Please repeat every record below exactly as written, but leave out the pictures.

[Image-caption web data]
Segment Open
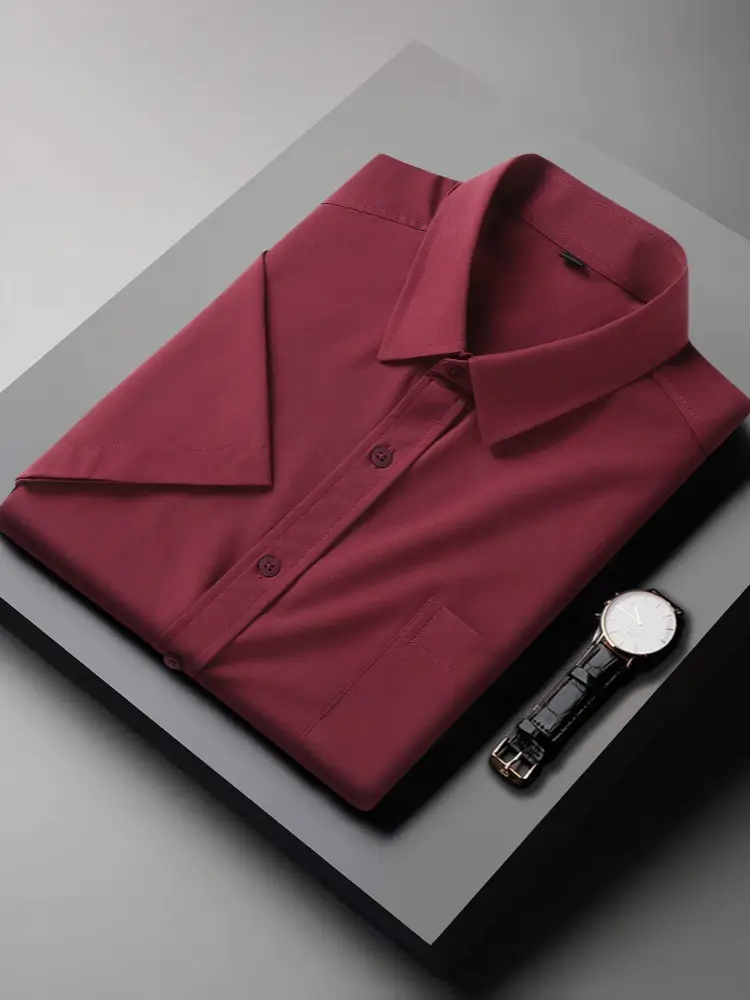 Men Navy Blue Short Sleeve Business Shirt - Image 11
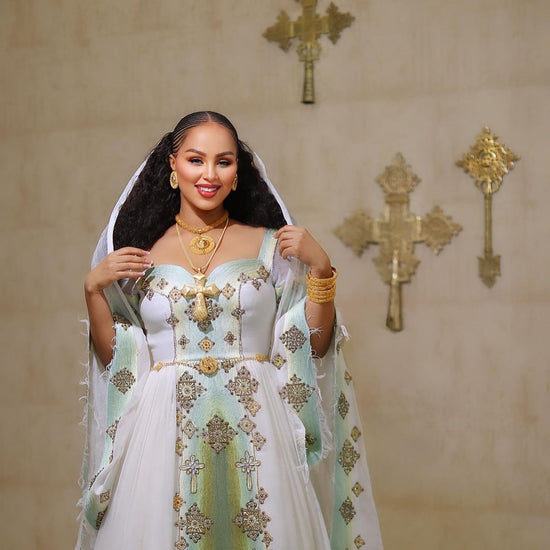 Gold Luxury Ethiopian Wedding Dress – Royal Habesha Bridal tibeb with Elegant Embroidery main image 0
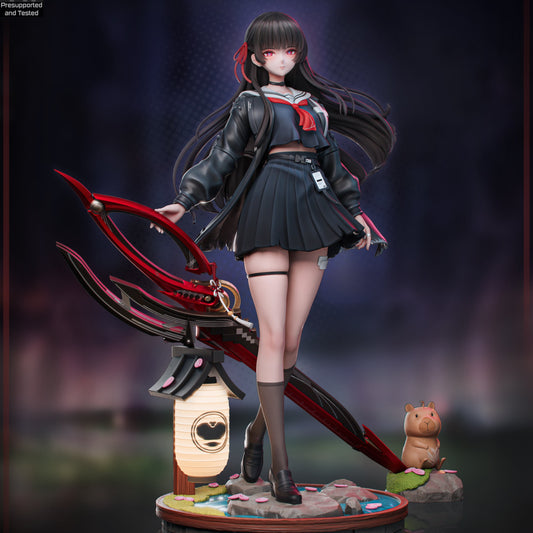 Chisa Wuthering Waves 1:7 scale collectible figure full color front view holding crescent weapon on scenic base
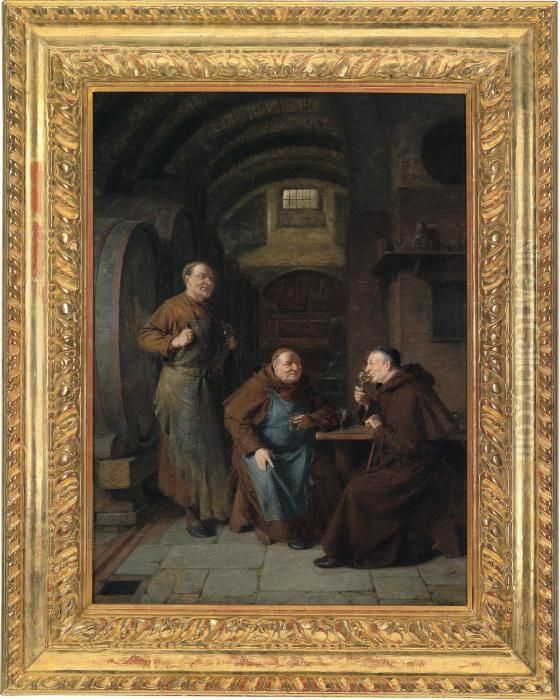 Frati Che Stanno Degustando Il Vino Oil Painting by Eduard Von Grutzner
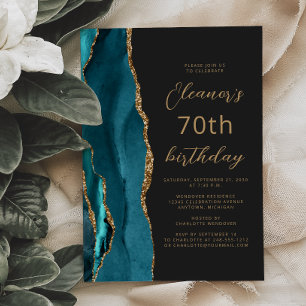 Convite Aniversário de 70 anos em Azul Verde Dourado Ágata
Segment Closed
- [Solution below]:
 Men Navy Blue Short Sleeve Business Shirt - Image 11
 Gold Luxury Ethiopian Wedding Dress – Royal Habesha Bridal tibeb with Elegant Embroidery main image 0
 Chisa Wuthering Waves 1:7 scale collectible figure full color front view holding crescent weapon on scenic base
 Frati Che Stanno Degustando Il Vino Oil Painting by Eduard Von Grutzner
 Convite Aniversário de 70 anos em Azul Verde Dourado Ágata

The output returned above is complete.